Climate Change
Climate Diplomacy
Conflict Transformation
Environment & Migration
Security
Global Issues
Megan Darby, Climate Home News
Berlin Climate and Security Conference 2019, John Kerry, Heiko Maas, German Federal Foreign Office
Berlin Climate and Security Conference 2019 at the German Federal Foreign Office, Berlin. | © Jan Rottler/adelphi

Governments must invest new effort and money to prevent climate change from driving new conflicts, according to a diplomatic statement drafted by the German foreign office.

The “Berlin Call to Action” was circulated among ministers from a dozen countries, former US secretary of state John Kerry and experts at a climate security conference on Tuesday.

It called for stronger international cooperation to help fragile regions cope with weather disasters, food shortages and migration driven by climate change.

“A destabilized Earth system implies unconscionable risks for peace and security,” said the statement. Increasingly severe impacts of climate change are “spurring social upheaval… and even contributing to new violent conflicts”.

Prior to the summit, German foreign minister Heiko Maas and experts from the Potsdam Institute, wrote that new tools were needed to combat these threats.

“Water is becoming increasingly scarce in the Mediterranean region, the Middle East and Central America. Agriculture and fishing are having to adjust to dwindling yields,” the article said.

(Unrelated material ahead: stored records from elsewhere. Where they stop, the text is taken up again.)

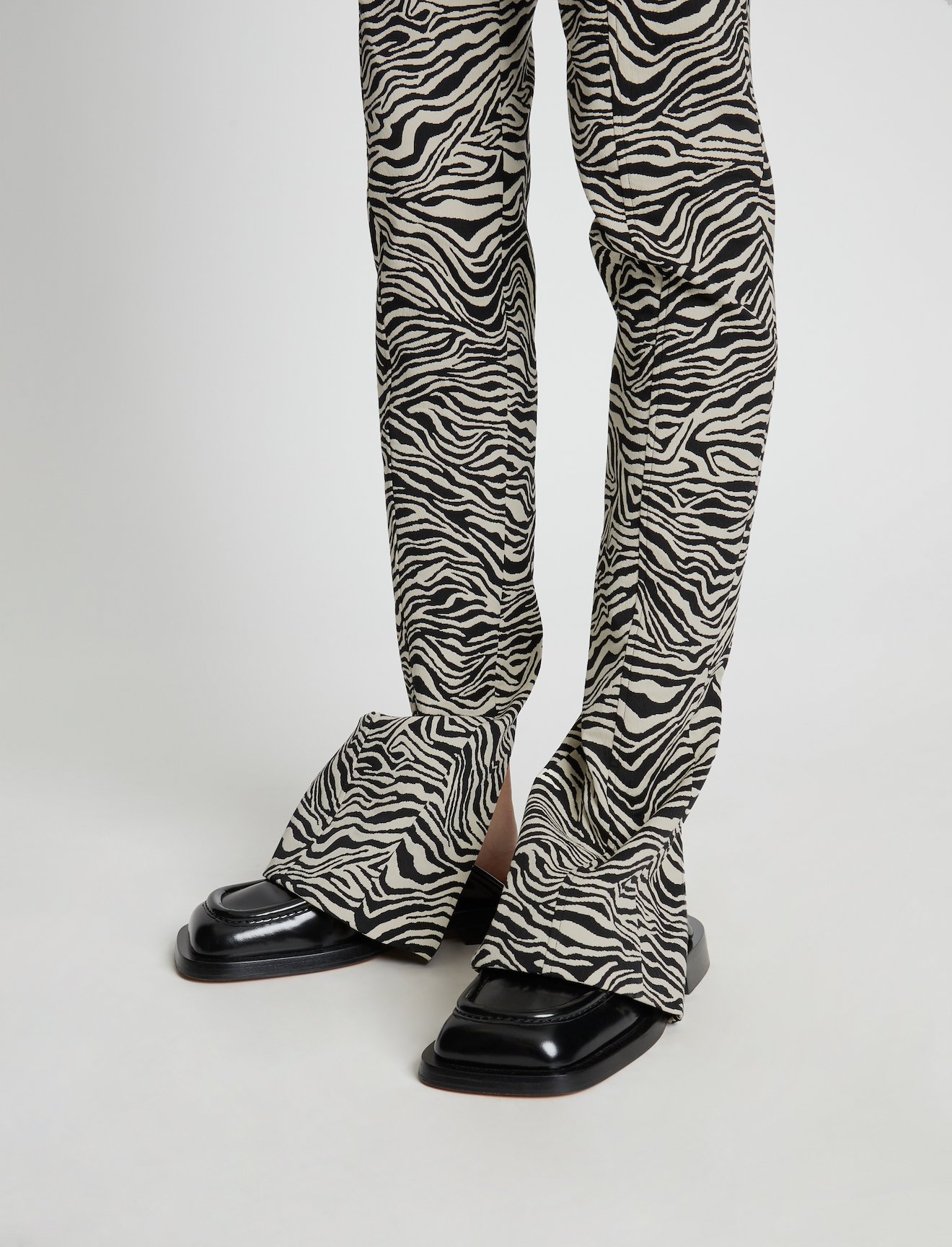 Stretch Zebra Jacquard Pants #3
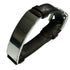 Bracelet Leather and Sterling Silver ID Plate Brown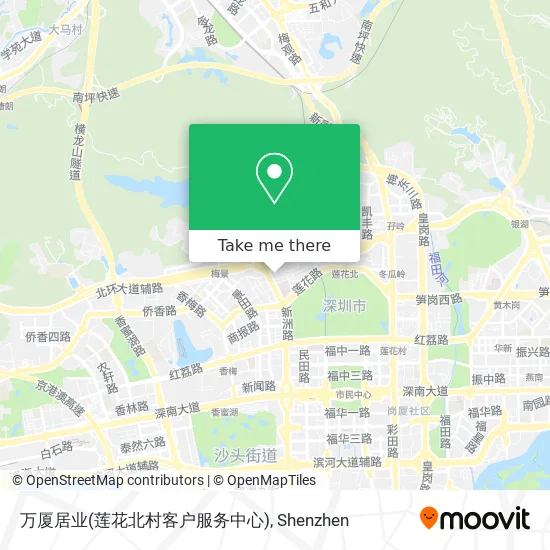 万厦居业(莲花北村客户服务中心) map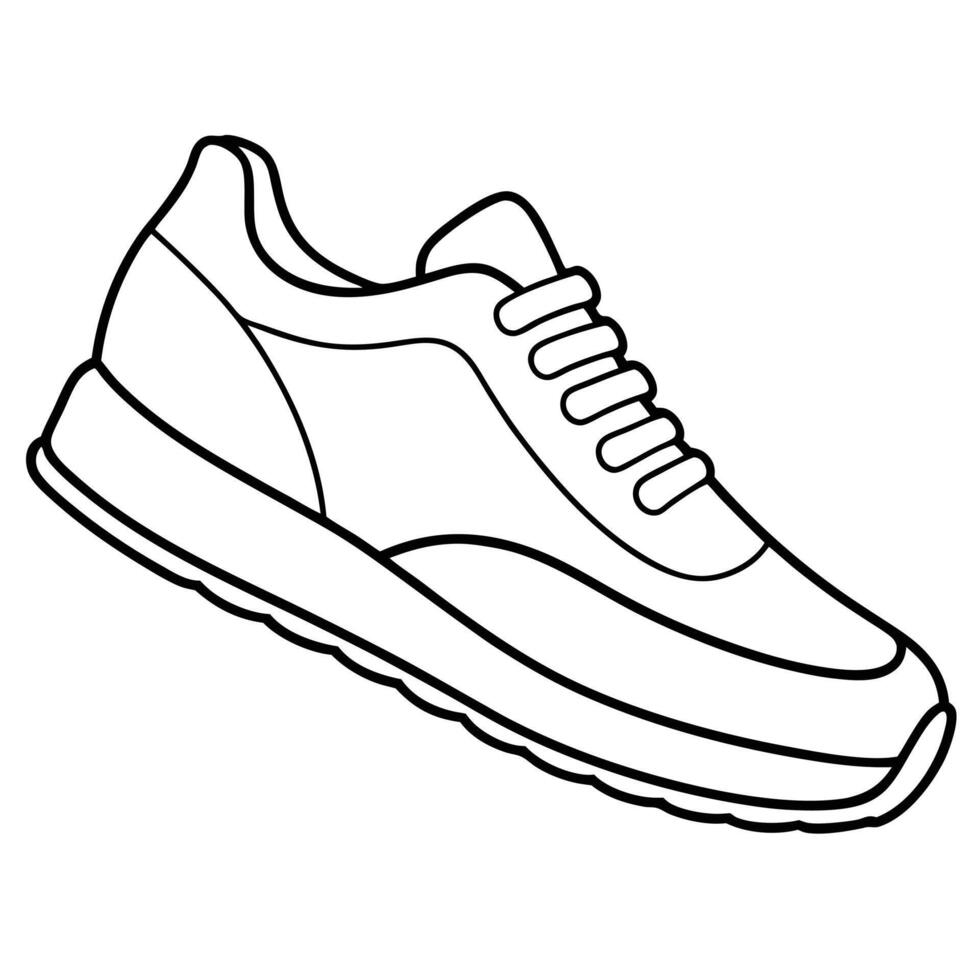 Sneakers coloring pages 51288130 Vector Art at Vecteezy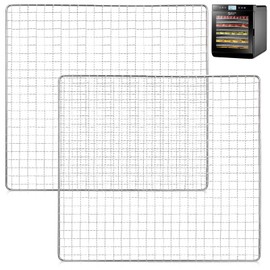 13 x 12 Inches Dehydrator Trays Compatible with CP267-FD Only Stainless Steel Dehydrator Drying Mesh Screens Stainless Steel Tray for Dehydrator Drying Fruit Food(2 Pcs)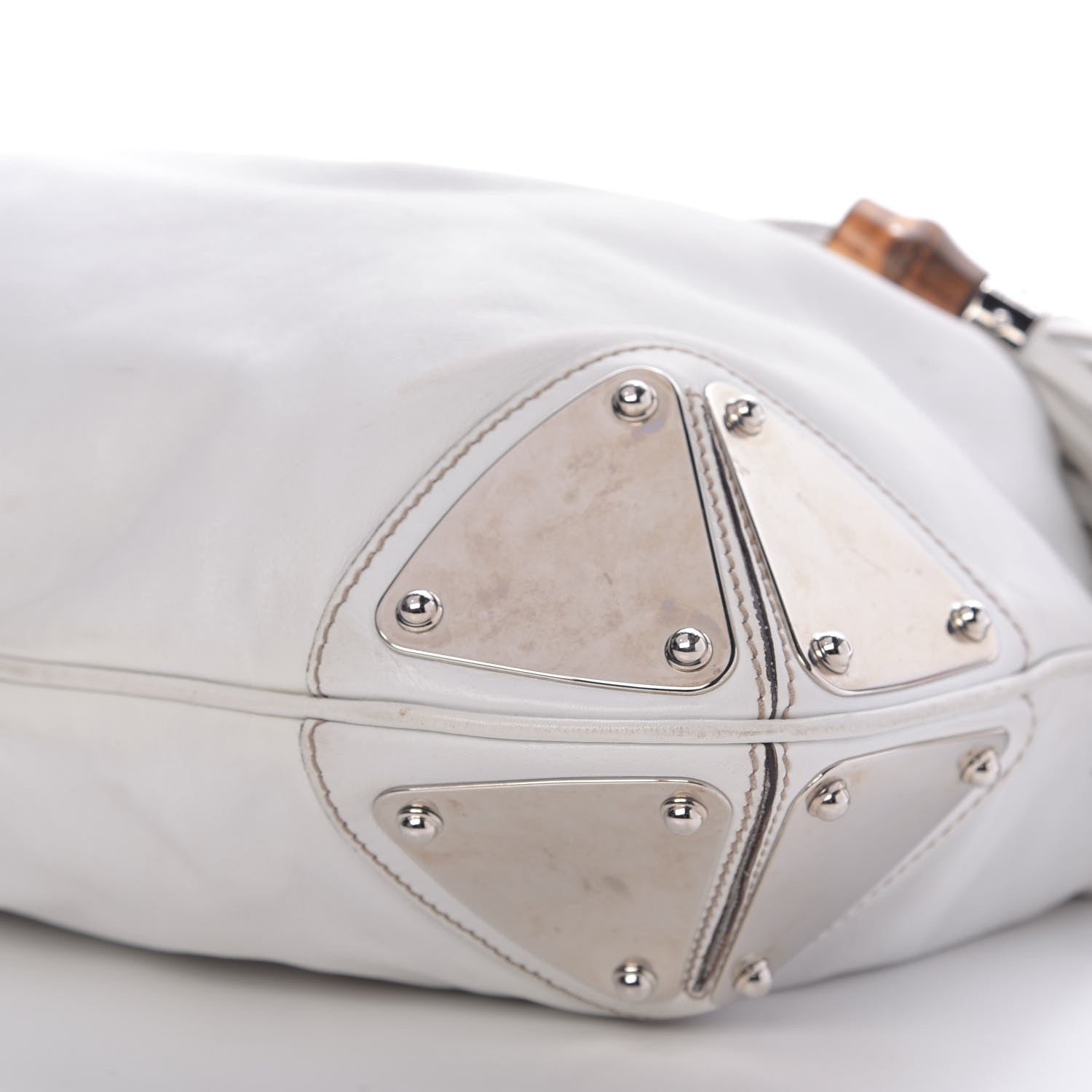 Gucci Calfskin Medium Indy Top Handle Hobo White 8 of 10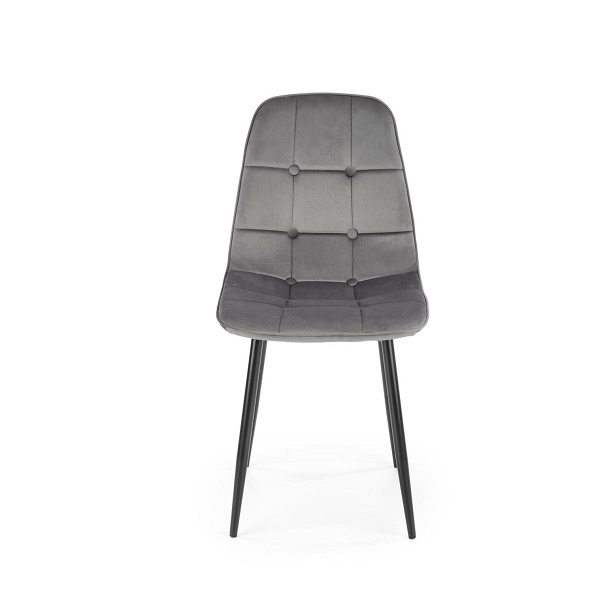 Krzesło K417 popielaty velvet - Halmar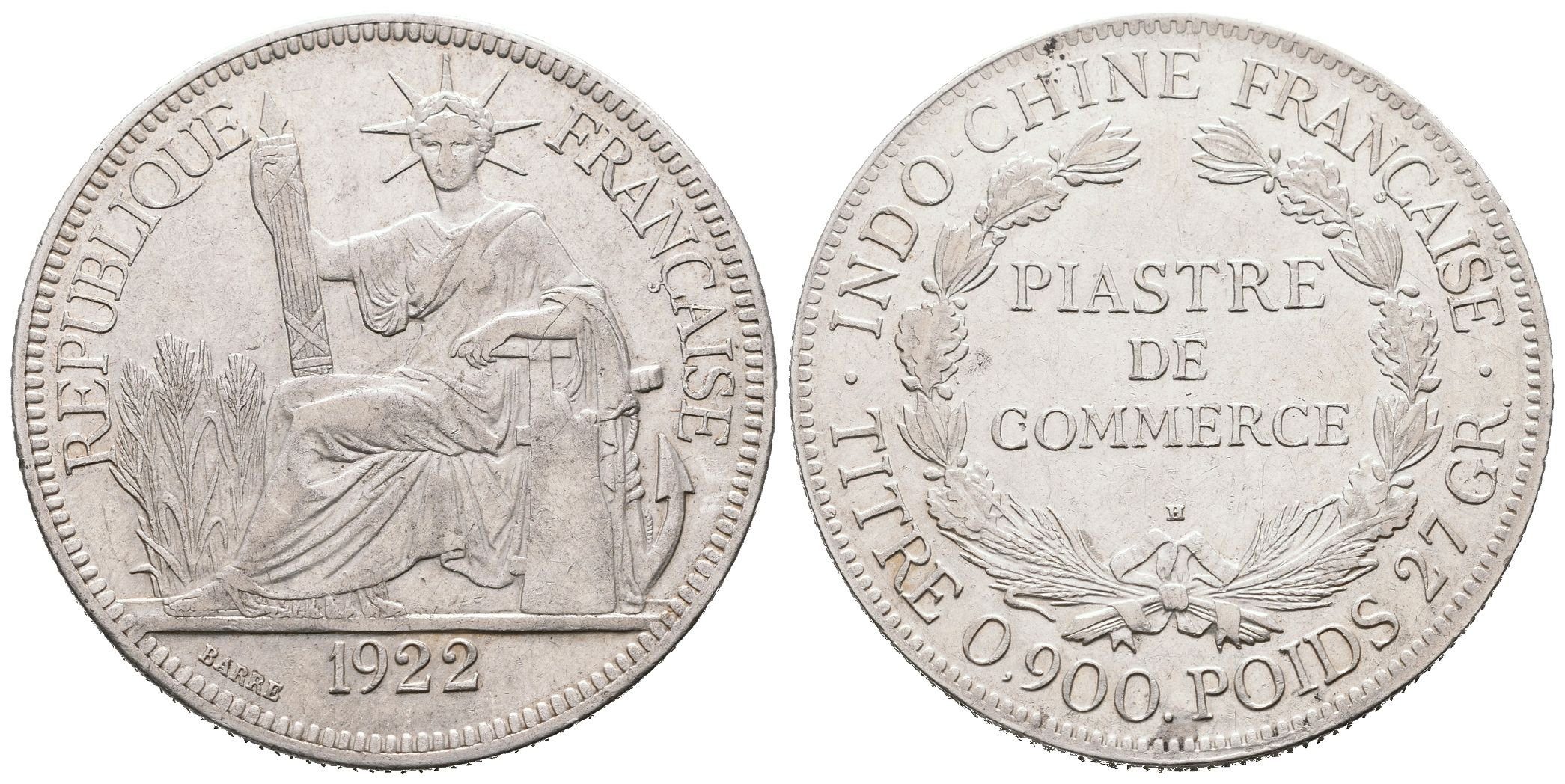 Francouzská Indočína, Piastre 1922 H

“Where people’s livelihoods are under threat, conflicts are predestined. Displacement and forced migration could increase to barely manageable levels. Foreign and security policy needs to provide a response to these issues.”

The Berlin statement called for investment in risk analysis, early warning systems and the integration of climate resilience to peacekeeping operations.

Speakers at Tuesday’s summit included foreign affairs ministers from Bangladesh, Ghana, Equatorial Guinea, Sweden, Belgium, Malta and the Maldives, plus the president of Nauru.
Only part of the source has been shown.